From Latin to Arabic and Back Again

Leen Sadder, from Beirut, Lebanon, took part in the Summer 2010 SVA Masters Workshop in Venice and Rome. Her Venice project for Louise Fili’s type guidebook class involved the translation of Italian signs into Arabic. I asked her why:

I was inspired by the hand-lettered signs I kept seeing all over Venice and wanted to really get into the details of the lettering and put myself in place of the sign painter. It was sort of like a puzzle; I would have to figure out how the sign had originally been made and apply the technique to the Arabic letters. The exercise forced me to look at every detail and mimic it while maintaining the legibility of the language.

The main difficulty faced in creating the adaptations was figuring out how to apply a very Latin technique of sign painting to the Arabic letters, as well as making sure not to compromise legibility for form. I ended up choosing to use transliterations of the words instead of translations in order to really focus on the form and not the meaning of the lettering.

I think the fluid and flexible nature of the Arabic letters lends itself to more experimentation than we have seen lately. While lettering and sign painting is making a huge comeback in Latin-based typography, Arabic typography today seems to be more focused on the calligraphic qualities rather than the decorative or ornamental, and I feel that there is lots of room for experimentation in that realm.

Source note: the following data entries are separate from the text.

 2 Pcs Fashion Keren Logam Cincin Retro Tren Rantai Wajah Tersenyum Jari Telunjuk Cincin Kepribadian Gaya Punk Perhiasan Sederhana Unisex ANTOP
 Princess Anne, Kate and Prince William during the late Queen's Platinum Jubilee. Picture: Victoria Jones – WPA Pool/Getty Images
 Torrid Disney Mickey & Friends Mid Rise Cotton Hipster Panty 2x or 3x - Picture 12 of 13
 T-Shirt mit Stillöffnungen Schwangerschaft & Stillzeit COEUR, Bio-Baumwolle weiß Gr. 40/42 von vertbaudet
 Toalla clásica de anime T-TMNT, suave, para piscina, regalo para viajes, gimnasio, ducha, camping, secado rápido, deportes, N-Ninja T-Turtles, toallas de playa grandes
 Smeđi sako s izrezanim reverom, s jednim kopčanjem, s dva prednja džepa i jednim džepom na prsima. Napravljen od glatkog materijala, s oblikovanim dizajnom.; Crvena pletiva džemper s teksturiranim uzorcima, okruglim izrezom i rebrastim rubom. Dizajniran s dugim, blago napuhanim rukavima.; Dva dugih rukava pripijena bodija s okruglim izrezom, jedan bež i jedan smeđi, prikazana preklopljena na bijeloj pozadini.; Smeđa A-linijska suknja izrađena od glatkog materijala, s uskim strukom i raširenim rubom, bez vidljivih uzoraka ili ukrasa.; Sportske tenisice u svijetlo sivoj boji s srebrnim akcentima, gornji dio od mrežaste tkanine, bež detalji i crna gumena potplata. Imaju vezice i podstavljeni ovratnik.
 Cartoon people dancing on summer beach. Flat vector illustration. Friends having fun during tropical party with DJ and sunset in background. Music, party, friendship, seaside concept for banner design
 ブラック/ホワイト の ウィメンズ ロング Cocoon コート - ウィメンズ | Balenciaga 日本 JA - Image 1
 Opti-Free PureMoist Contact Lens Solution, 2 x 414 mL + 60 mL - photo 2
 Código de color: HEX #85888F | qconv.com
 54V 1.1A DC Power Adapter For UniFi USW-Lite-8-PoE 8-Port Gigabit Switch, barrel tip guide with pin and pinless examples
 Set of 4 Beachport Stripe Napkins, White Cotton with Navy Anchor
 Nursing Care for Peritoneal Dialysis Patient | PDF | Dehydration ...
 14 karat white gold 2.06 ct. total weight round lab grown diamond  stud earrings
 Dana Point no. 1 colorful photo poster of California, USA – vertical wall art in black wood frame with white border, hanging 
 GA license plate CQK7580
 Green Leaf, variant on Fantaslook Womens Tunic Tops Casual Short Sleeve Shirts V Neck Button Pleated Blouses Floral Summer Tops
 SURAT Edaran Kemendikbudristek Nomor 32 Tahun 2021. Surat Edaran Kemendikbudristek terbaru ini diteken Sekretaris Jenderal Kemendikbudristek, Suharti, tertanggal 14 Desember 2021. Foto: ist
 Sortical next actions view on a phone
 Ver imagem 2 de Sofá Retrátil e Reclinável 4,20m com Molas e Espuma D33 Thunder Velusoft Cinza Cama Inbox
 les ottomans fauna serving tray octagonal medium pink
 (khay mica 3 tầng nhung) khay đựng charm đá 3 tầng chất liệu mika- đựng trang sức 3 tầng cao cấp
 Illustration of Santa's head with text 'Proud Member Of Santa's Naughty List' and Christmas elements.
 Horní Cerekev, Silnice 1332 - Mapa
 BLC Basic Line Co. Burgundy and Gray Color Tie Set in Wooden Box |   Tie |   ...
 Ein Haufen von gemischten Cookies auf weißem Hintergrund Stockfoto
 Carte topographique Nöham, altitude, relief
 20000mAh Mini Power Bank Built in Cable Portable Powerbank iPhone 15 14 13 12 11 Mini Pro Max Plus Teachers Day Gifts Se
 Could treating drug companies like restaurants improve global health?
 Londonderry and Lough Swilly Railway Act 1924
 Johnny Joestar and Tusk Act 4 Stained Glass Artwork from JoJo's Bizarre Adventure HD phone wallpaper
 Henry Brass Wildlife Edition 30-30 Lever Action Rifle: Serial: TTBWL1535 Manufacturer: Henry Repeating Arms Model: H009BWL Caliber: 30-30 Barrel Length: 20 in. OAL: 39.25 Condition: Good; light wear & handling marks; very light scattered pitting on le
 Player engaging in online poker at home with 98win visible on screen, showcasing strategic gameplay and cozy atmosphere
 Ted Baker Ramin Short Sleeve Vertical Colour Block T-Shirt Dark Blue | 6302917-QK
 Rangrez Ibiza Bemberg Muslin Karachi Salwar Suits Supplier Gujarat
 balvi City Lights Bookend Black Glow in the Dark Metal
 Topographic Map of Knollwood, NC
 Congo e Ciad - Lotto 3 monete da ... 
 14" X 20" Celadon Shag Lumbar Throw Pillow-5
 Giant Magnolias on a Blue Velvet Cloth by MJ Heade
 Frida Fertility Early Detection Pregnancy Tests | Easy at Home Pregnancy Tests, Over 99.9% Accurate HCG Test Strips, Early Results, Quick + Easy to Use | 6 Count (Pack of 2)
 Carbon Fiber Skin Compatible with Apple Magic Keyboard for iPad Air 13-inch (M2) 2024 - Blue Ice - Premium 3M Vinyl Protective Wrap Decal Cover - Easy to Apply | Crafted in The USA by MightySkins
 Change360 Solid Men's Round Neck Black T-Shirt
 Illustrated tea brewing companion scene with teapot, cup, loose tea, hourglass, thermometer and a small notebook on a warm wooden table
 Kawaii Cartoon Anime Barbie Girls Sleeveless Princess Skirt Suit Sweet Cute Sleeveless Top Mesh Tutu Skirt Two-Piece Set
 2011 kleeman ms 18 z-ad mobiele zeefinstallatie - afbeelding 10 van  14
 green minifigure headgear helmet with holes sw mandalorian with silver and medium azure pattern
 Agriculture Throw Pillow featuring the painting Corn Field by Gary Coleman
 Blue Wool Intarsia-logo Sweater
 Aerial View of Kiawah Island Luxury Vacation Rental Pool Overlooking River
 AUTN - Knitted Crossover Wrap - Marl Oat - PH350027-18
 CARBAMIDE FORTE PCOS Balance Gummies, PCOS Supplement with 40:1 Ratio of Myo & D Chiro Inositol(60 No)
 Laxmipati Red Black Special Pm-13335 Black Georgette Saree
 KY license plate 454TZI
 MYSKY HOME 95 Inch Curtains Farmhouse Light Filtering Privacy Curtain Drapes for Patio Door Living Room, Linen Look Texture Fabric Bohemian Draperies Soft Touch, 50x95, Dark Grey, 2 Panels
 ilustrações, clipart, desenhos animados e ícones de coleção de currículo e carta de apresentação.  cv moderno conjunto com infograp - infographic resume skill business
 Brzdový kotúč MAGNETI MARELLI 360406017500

For more on the Masters Workshop go here and see video here.

(See the Nightly Heller on Sonia Delaunay here.)

One thought on “From Latin to Arabic and Back Again

  1. Maece Seirafi

    I agree with the fact that there is plenty of room for experimentation when it comes to Arabic hand lettering and ornament. Many successful examples of handlettering are seen in Arabic graffiti on the streets of Gaza and Beirut if they were to be paired with their Latin counterparts.
    It is an interesting challenge to try to create a billingual equilibrium between the two alphabets and maintain a visual and cultural balance between the two. From my experience is that one of the alphabets will falter between a fine line of appearing more aesthetically Arabic or more Latin. But it all depends on what the intent of how and where these two alphabets will live.
    Its very difficult not to look at the calligraphic nature of Arabic and Latin letterforms since it all goes back to penmenship and readability. But finding how the two alphabets work together harmoniously is what interests me as a bilingual designer. I tackled that challenge when trying to create a bilingual Kufic lettering system that would operate as bilingual word ligatures. This was for my MFA thesis at CalArts 2010: I am continuing my explorations of this lettering system and hope to complete this sometime.
    It is an optimistic time to see how simultaneous readability in Arabic and English operates in a multi-cultural space.